The following example is a resource called file. The resource contains the type name (file), a documentation string, a parameter for the name of the file, and used the ensurable method to say that the file is both createable and destroyable.

Puppet::Type.newtype(:file) do
    @doc = "Manage a file (the simple version)."

    ensurable

    newparam(:name) do
        desc "The full path to the file."
    end
end

The following example is a provider. The provider contains the docs, the provider name, and the three methods that the ensure property requires. Note that it uses a desc instead of @doc = to specify the documentation.

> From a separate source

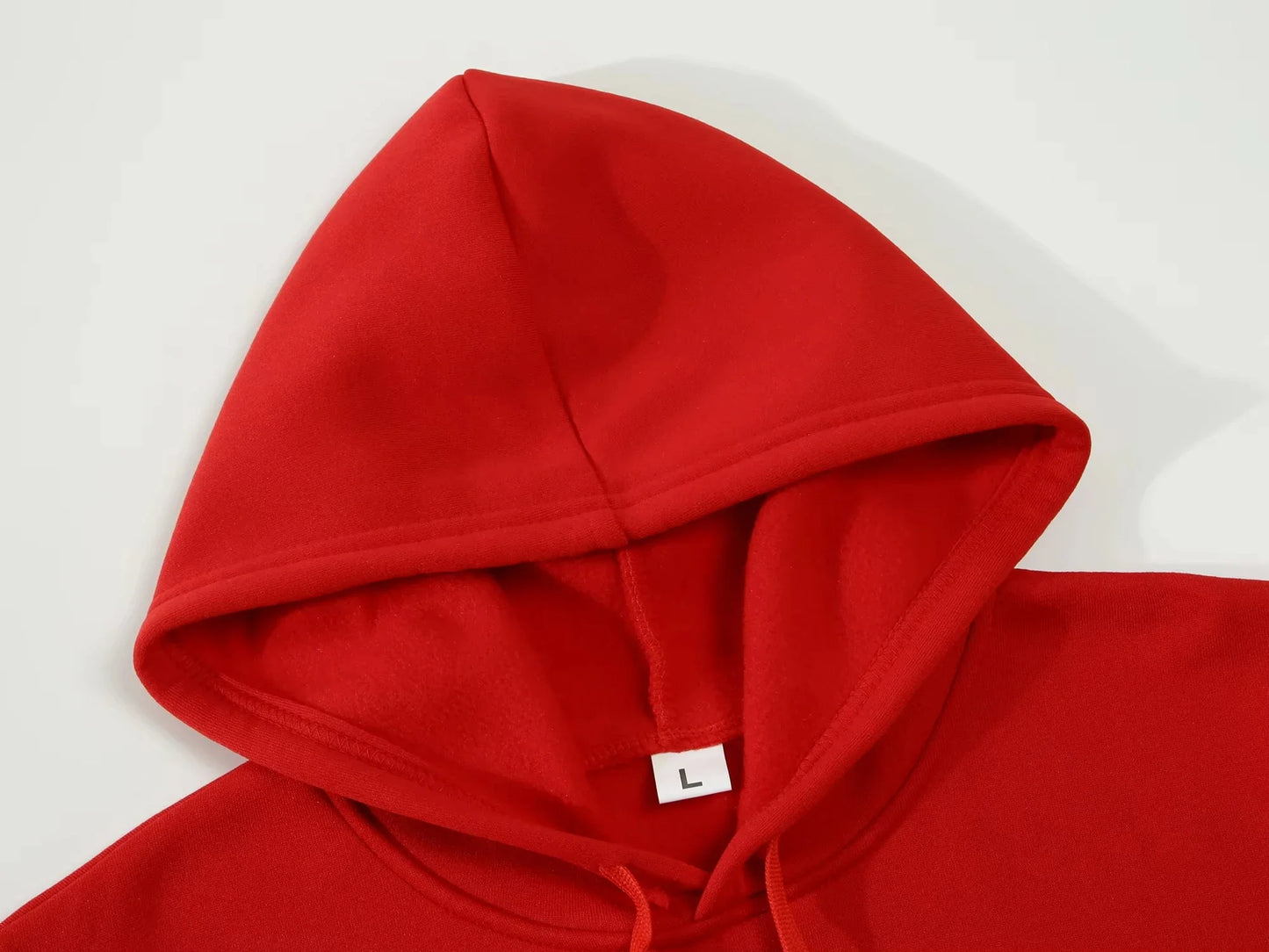 Maglietta Hip Hop Solo Leveling — L'Ombra del Monarca, design dettagliato e vivace, con logo e grafica ispirata alla serie Otaku Family Store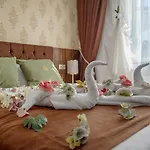 Hotel S White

It also uses Ruby’s built-in file abilities to create an empty file, remove the file, or test whether the file exists.

Puppet::Type.type(:file).provide(:posix) do
    desc "Normal Unix-like POSIX support for file management."

    def create
        File.open(@resource[:name], "w") { |f| f.puts "" } # Create an empty file
    end

    def destroy
        File.unlink(@resource[:name])
    end

    def exists?
        File.exists?(@resource[:name])
    end
end
To manage the file mode, add the following code to your resource:
newproperty(:mode) do
    desc "Manage the file's mode."

    defaultto "640"
end

Note that the default value is specified, and it is a string instead of an integer (file modes are in octal). You can pass a lambda to defaultto instead of a value, if you don’t have a simple value.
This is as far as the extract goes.